**TASK:**
Once you find the line with "World Language Classroom", transcribe it and all the lines that follow to the end of the data, exactly as written; skip any pictures.

**PROVIDED DATA:**
====================
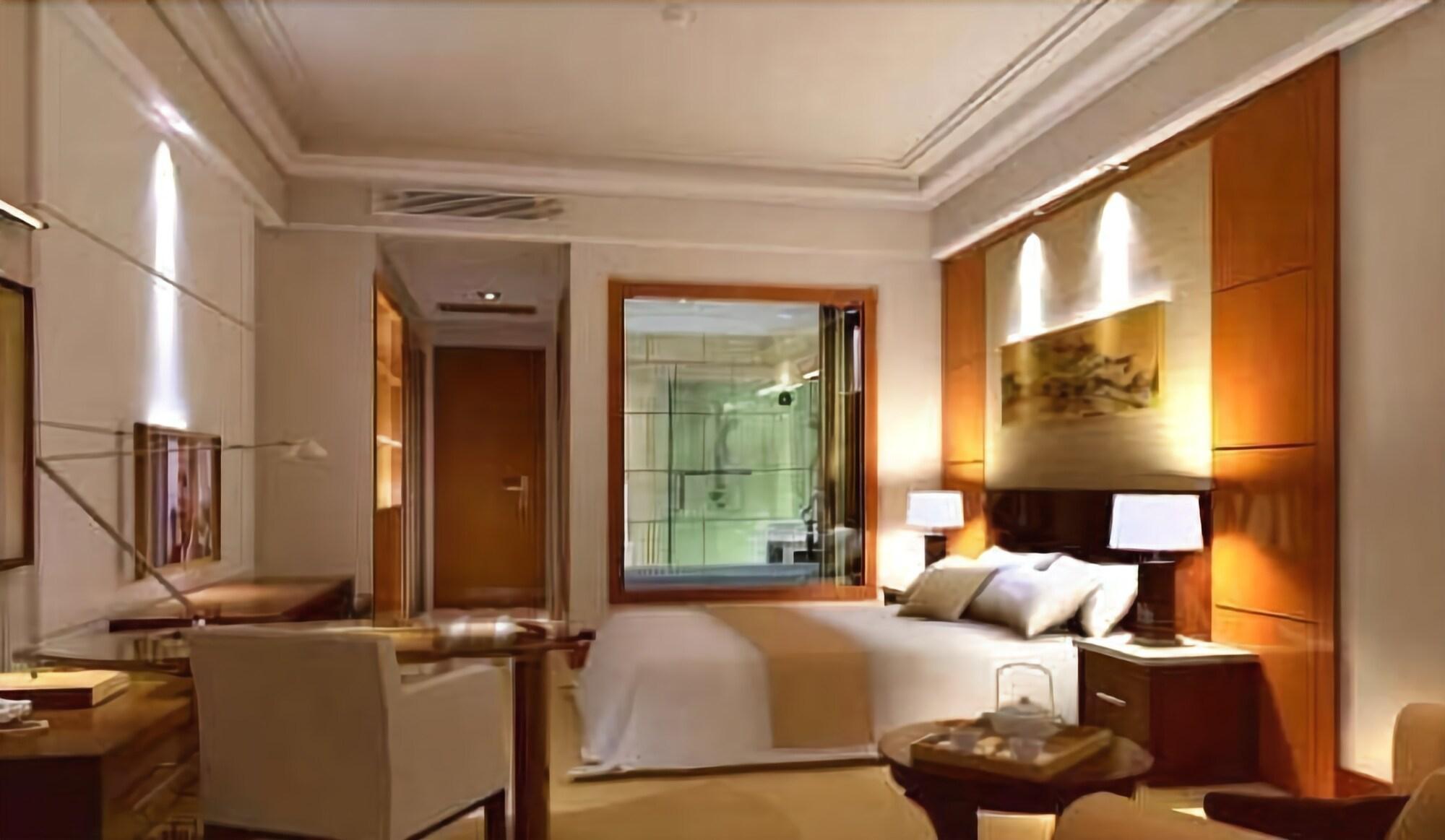 Howard Johnson By Wyndham Tcp Hefei Exterior photo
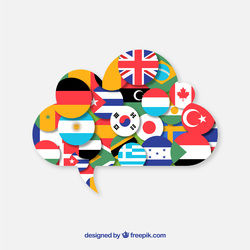 World Language Classroom  Product Image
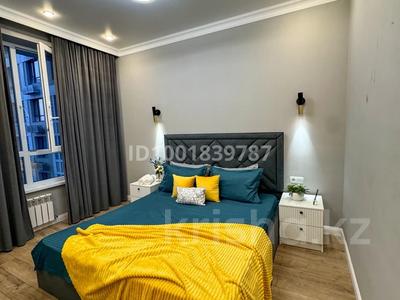 2-комнатная квартира · 52 м² · 8/15 этаж, мкр Сайран, Утеген батыра 11 — Рядом с Grand Park за 15 990 〒 в Алматы, Ауэзовский р-н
====================
**RESULT FOR THIS TASK:**
 World Language Classroom  Product Image
 2-комнатная квартира · 52 м² · 8/15 этаж, мкр Сайран, Утеген батыра 11 — Рядом с Grand Park за 15 990 〒 в Алматы, Ауэзовский р-н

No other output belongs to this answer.